▶ _Aim of the task_
From the data below, copy exactly the lines that lie between the one holding "Toyota Hilux 2.4 D-4D 4WD CD CM - 21" and the one holding "Guitarra Elétrica Fender", including both, and nothing more.

▶ _Data to use_
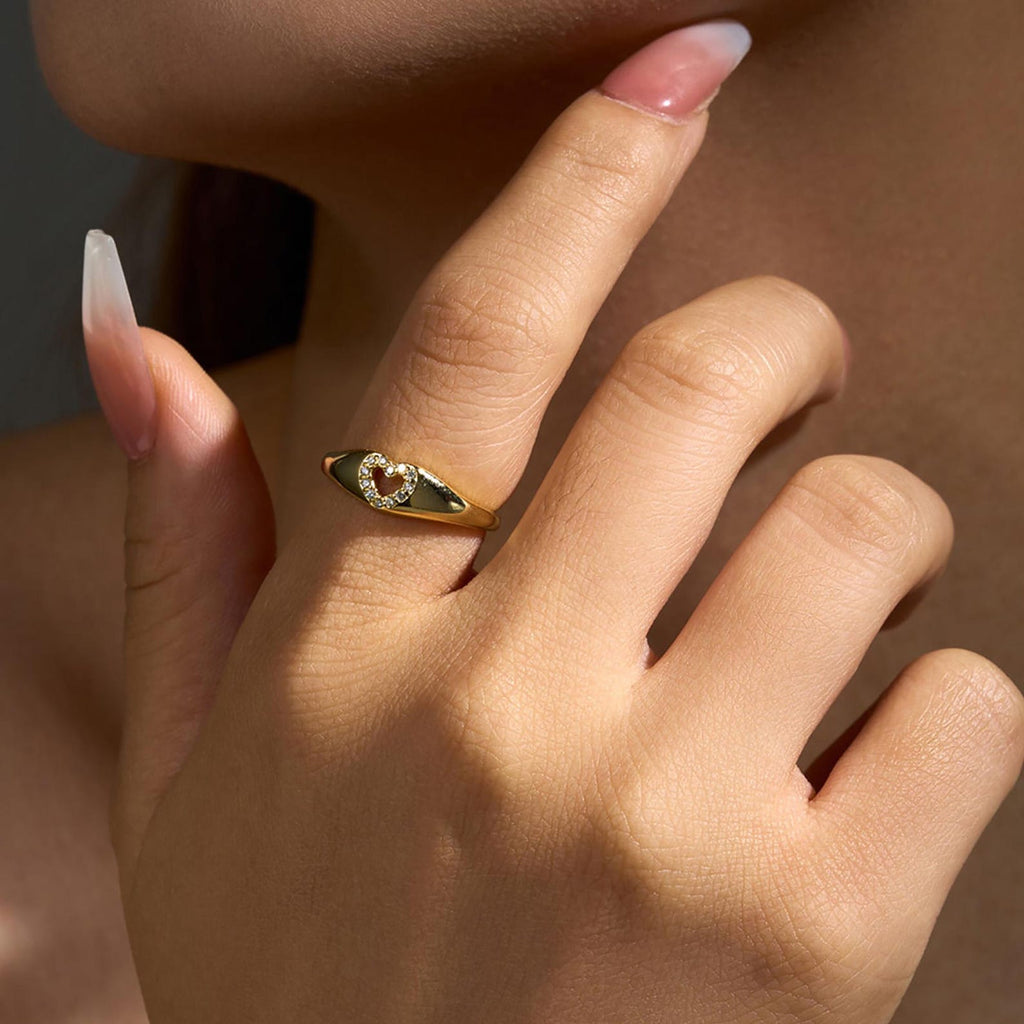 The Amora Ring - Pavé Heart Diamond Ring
==
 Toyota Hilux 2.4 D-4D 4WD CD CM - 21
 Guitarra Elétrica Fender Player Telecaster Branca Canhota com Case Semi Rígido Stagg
==
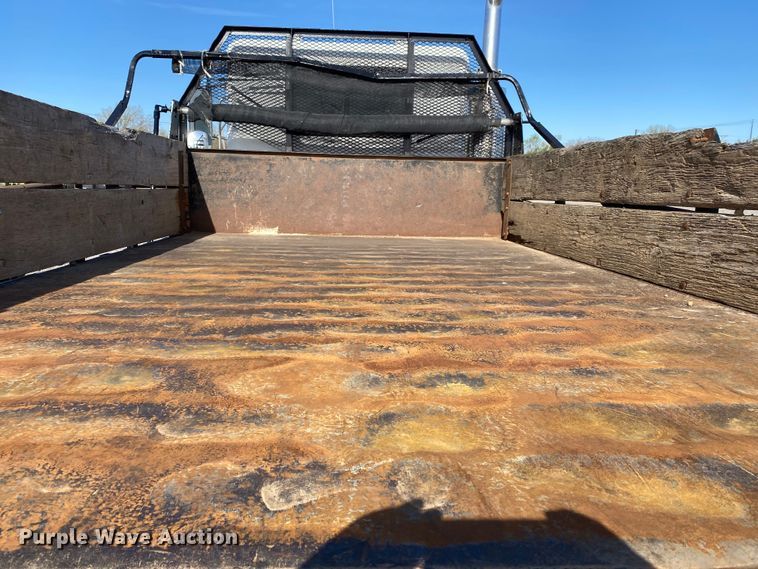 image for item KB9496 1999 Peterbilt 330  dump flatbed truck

▶ _Answer to this exercise_
 Toyota Hilux 2.4 D-4D 4WD CD CM - 21
 Guitarra Elétrica Fender Player Telecaster Branca Canhota com Case Semi Rígido Stagg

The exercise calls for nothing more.